Transcribe, exactly and without pictures, the lines below from the line with "SE68102 すみっコぐらし ラインストーンアートシール" to the line with "Koszulka treningowa męska", both ends included, and no others.

*Extracted entries*
┌──
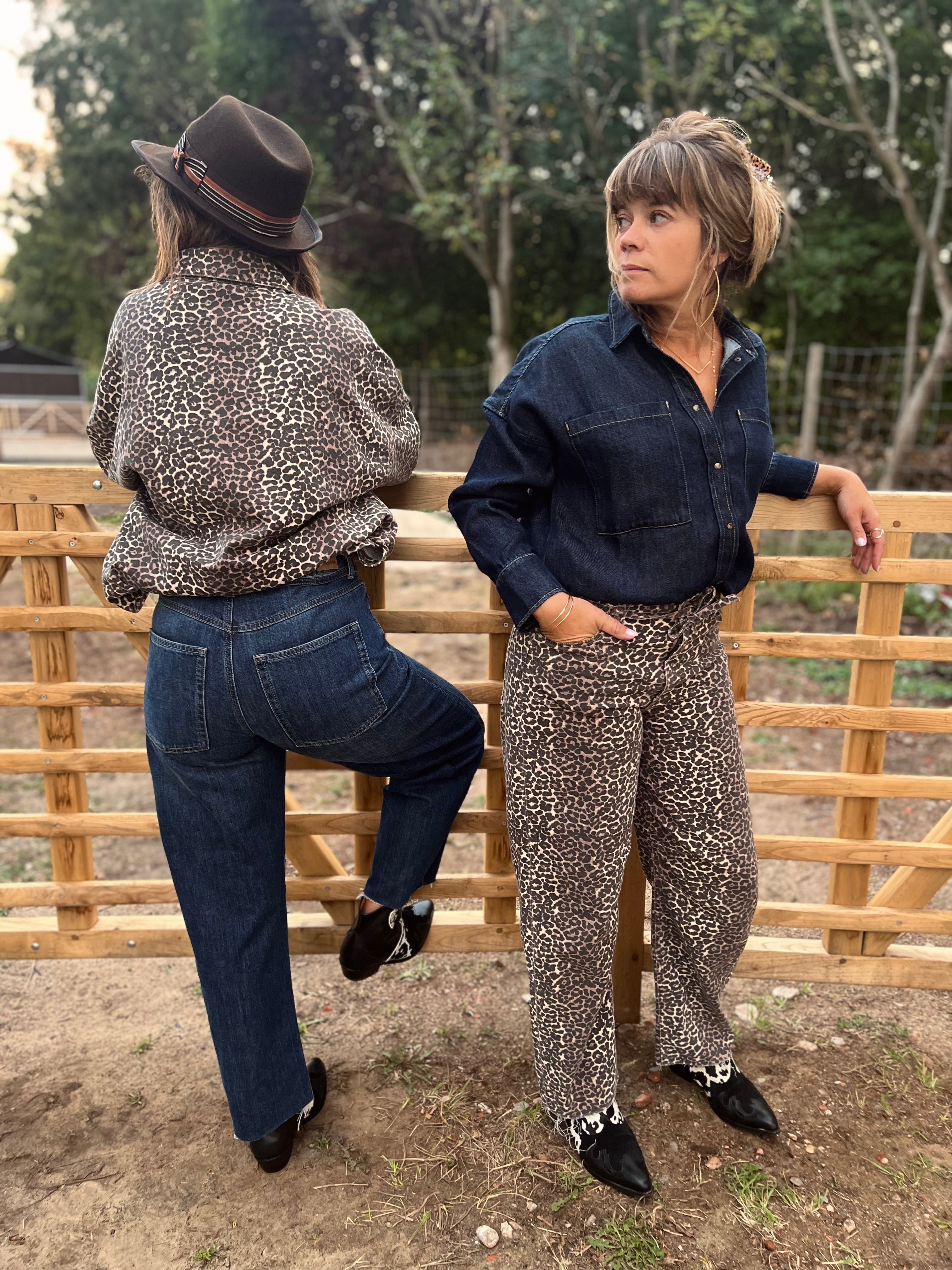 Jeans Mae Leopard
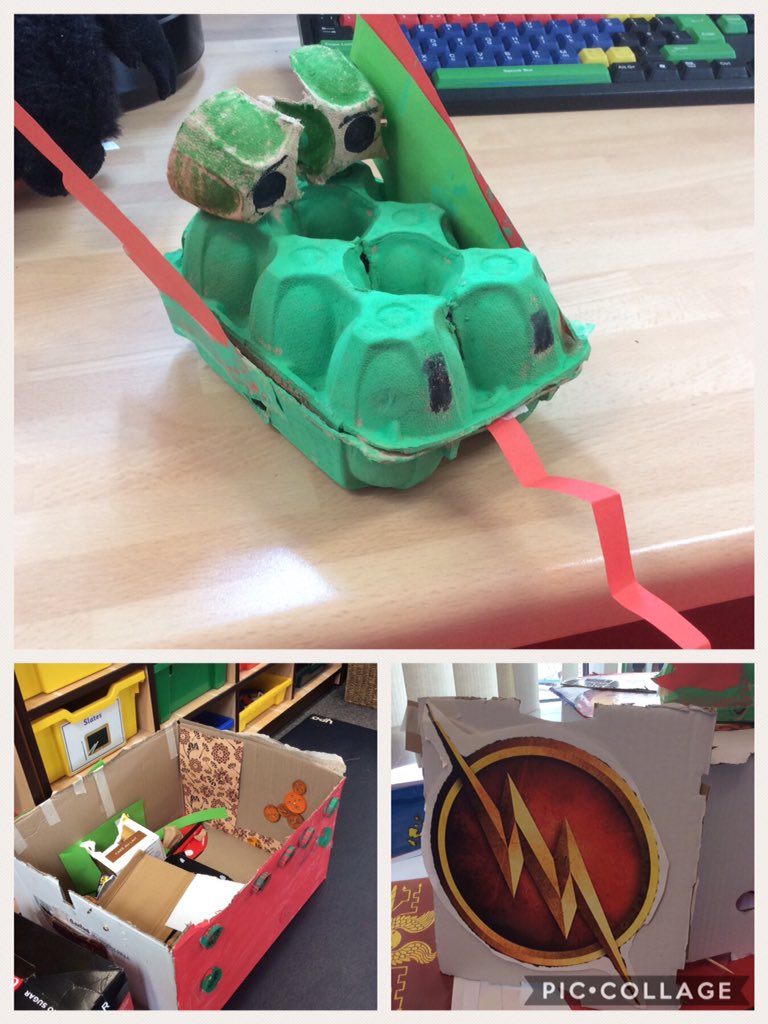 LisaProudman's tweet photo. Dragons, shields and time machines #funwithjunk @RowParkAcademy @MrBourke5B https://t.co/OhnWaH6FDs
└──
┌──
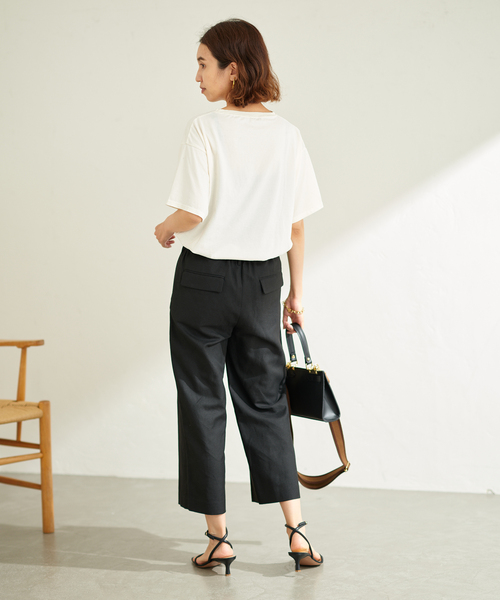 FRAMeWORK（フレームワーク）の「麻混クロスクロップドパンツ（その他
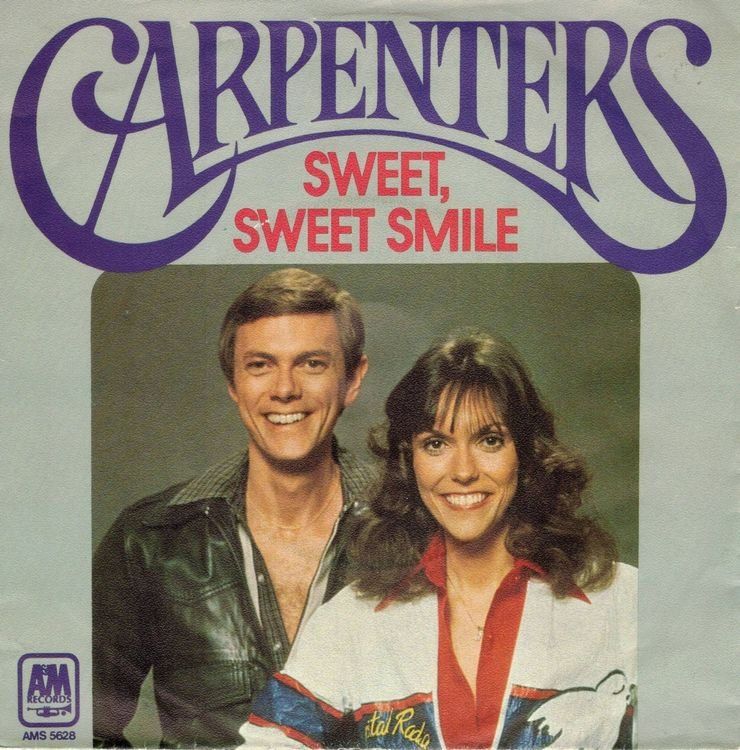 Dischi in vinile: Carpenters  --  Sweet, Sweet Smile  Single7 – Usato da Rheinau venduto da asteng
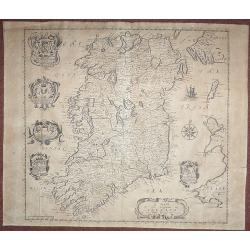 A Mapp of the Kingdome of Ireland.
└──
┌──
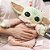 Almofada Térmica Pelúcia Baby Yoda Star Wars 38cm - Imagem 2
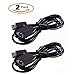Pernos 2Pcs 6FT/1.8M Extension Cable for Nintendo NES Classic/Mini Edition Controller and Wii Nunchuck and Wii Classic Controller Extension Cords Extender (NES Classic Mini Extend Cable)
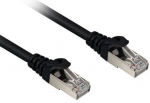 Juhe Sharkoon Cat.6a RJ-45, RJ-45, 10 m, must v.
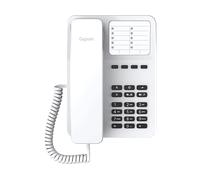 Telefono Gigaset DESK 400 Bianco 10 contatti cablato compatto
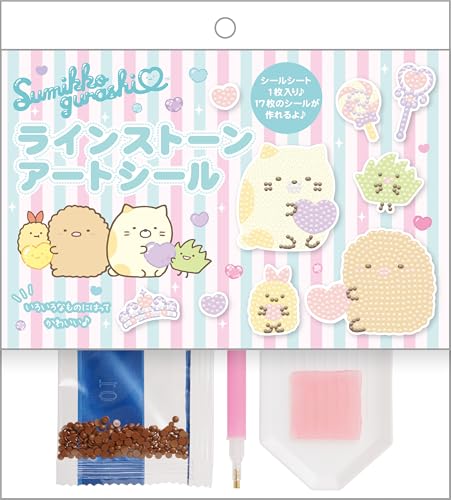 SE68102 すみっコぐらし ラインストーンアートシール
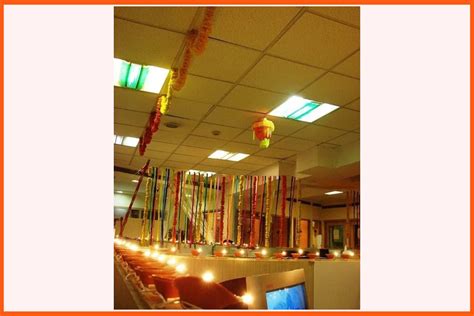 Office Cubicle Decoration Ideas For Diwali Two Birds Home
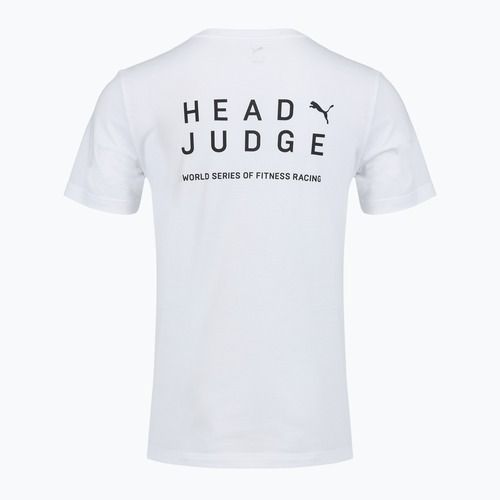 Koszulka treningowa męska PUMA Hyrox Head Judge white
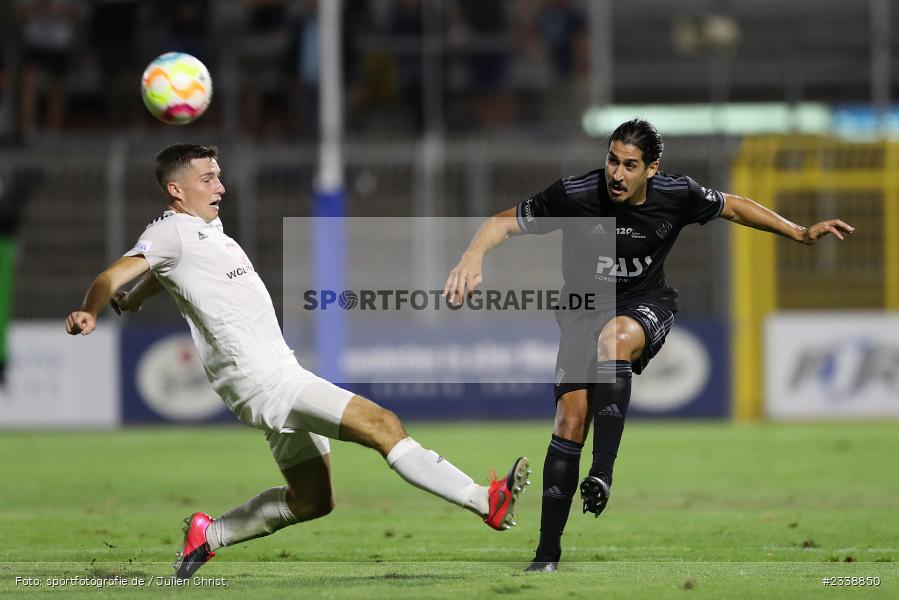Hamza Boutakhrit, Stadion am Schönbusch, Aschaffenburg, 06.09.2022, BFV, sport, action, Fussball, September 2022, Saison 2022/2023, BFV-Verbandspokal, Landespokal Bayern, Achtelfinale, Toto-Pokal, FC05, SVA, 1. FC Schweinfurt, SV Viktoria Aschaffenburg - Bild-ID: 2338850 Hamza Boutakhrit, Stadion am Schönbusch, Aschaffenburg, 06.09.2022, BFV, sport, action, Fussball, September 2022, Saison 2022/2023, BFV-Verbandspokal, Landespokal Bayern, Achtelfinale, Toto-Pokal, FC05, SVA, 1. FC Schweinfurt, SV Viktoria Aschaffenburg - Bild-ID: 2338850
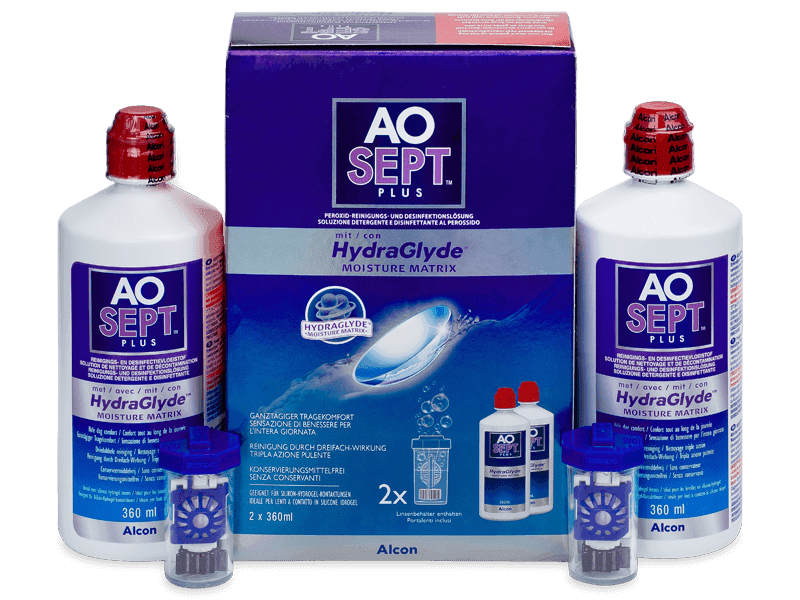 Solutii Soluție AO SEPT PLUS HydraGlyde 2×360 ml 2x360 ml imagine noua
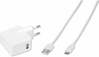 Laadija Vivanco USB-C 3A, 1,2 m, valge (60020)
└──
*Expected output*
 SE68102 すみっコぐらし ラインストーンアートシール
 Office Cubicle Decoration Ideas For Diwali Two Birds Home
 Koszulka treningowa męska PUMA Hyrox Head Judge white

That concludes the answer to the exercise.